[[ Information supplied open ]]

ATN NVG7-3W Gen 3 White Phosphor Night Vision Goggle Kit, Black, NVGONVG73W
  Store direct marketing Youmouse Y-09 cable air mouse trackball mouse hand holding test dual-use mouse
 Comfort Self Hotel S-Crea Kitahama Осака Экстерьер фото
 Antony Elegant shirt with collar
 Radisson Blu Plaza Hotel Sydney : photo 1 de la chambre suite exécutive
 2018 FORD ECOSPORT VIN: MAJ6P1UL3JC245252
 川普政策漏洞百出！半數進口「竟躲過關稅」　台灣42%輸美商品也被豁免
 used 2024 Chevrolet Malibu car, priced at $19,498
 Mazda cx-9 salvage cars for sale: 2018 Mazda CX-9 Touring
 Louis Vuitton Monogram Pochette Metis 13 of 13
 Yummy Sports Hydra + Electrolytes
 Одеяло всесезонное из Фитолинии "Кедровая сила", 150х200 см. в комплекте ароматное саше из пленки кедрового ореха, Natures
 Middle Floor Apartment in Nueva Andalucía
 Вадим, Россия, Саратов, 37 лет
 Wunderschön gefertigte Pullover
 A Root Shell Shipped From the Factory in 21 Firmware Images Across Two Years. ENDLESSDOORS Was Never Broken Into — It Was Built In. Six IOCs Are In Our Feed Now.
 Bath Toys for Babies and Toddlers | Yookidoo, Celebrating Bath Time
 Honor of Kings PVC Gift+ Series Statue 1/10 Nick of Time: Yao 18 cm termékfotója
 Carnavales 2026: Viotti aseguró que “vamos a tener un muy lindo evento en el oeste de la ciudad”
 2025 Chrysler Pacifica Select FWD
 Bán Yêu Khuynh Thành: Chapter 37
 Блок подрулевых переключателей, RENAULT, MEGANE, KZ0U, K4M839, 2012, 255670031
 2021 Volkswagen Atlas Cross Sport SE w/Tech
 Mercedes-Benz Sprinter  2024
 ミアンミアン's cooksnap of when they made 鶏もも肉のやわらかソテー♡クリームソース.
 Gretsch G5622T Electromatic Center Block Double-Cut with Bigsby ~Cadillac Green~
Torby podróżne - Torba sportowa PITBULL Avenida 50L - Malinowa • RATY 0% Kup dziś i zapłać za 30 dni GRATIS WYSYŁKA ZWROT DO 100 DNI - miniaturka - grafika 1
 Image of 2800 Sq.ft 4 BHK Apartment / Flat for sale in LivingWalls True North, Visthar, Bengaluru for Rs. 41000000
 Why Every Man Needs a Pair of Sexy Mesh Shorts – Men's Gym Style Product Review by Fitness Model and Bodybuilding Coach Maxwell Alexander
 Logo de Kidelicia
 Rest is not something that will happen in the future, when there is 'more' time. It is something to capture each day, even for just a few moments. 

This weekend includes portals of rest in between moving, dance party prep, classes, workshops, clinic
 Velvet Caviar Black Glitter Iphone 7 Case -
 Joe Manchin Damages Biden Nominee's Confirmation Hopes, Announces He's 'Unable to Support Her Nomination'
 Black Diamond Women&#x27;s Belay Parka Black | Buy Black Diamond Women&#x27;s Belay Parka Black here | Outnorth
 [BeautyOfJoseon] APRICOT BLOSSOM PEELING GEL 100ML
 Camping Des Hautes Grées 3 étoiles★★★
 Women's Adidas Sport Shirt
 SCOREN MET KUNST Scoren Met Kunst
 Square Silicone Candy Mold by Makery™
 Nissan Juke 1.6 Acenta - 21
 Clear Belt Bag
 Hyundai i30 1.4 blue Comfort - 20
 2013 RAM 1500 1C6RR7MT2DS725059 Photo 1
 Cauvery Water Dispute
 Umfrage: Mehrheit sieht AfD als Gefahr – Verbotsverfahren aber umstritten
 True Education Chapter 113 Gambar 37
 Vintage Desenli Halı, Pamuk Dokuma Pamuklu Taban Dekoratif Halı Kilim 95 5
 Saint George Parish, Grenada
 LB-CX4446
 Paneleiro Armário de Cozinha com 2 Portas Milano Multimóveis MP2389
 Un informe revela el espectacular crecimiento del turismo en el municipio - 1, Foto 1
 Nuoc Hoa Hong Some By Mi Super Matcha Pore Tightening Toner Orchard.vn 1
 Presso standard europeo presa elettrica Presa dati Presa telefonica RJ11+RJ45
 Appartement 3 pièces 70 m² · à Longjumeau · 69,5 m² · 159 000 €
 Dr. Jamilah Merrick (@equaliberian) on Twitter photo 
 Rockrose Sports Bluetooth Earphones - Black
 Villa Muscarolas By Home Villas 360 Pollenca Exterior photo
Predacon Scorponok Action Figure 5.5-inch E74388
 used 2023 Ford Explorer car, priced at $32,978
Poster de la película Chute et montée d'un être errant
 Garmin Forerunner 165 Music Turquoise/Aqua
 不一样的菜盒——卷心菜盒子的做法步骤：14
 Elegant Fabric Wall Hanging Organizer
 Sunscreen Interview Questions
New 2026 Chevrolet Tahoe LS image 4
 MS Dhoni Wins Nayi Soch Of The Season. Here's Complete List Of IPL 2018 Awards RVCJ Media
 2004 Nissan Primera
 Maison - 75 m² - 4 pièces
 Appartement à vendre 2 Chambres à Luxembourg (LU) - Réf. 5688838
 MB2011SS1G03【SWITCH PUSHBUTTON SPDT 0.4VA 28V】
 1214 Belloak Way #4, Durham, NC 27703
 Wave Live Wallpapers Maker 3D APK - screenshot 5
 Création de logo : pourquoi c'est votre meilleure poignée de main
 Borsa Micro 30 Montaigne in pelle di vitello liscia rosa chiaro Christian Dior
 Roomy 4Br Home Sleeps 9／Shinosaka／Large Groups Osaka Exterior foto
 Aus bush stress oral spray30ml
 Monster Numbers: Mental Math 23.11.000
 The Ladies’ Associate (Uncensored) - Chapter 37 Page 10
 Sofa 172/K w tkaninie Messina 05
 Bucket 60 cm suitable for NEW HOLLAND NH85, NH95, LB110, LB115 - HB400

[[ Information supplied closed ]]

*Exercise directions*
Return only the lines between the one holding "不一样的菜盒——卷心菜盒子的做法步骤：14" and the one holding "MB2011SS1G03【SWITCH PUSHBUTTON SPDT", inclusive, exactly as they appear above.

*Answer box*
 不一样的菜盒——卷心菜盒子的做法步骤：14
 Elegant Fabric Wall Hanging Organizer
 Sunscreen Interview Questions
New 2026 Chevrolet Tahoe LS image 4
 MS Dhoni Wins Nayi Soch Of The Season. Here's Complete List Of IPL 2018 Awards RVCJ Media
 2004 Nissan Primera
 Maison - 75 m² - 4 pièces
 Appartement à vendre 2 Chambres à Luxembourg (LU) - Réf. 5688838
 MB2011SS1G03【SWITCH PUSHBUTTON SPDT 0.4VA 28V】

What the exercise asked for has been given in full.